=== Dataset excerpt ===
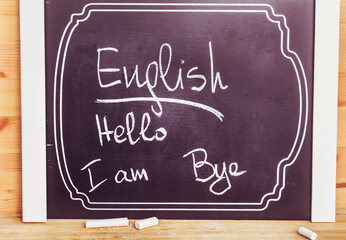 Learning English Language  Education Concept with Chalk Board and the phrase Hello, I am ,Bye 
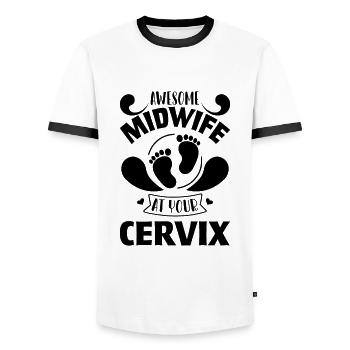 Hebamme - Männer Kontrast-T-Shirt - Weiß/Schwarz - Vorne - AI Model Female 172 light (172cm) & AI Model Male 178 dark (178cm)
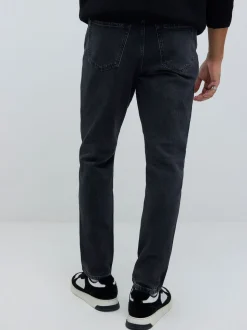 River Island Black Tapered Fit Washed Jeans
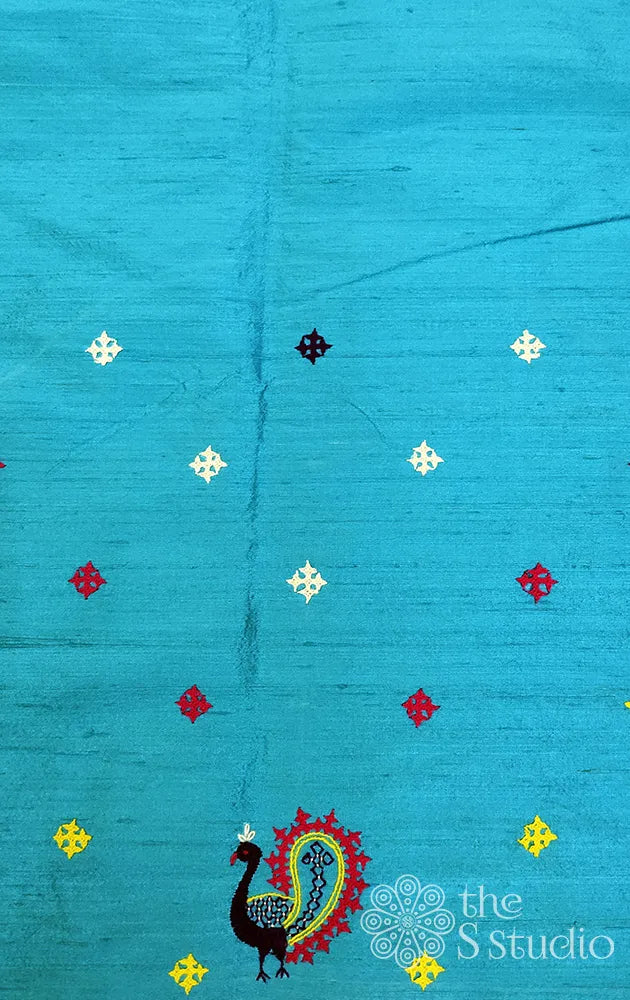 Light Blue Raw silk Blouse material with kutch embroidery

=== Activity ===
Beginning with the line that contains "River Island Black Tapered Fit Washed Jeans" and ending with the last line of the data, restate each line word for word. Exclude the pictures.

=== Answer area ===
 River Island Black Tapered Fit Washed Jeans
 Light Blue Raw silk Blouse material with kutch embroidery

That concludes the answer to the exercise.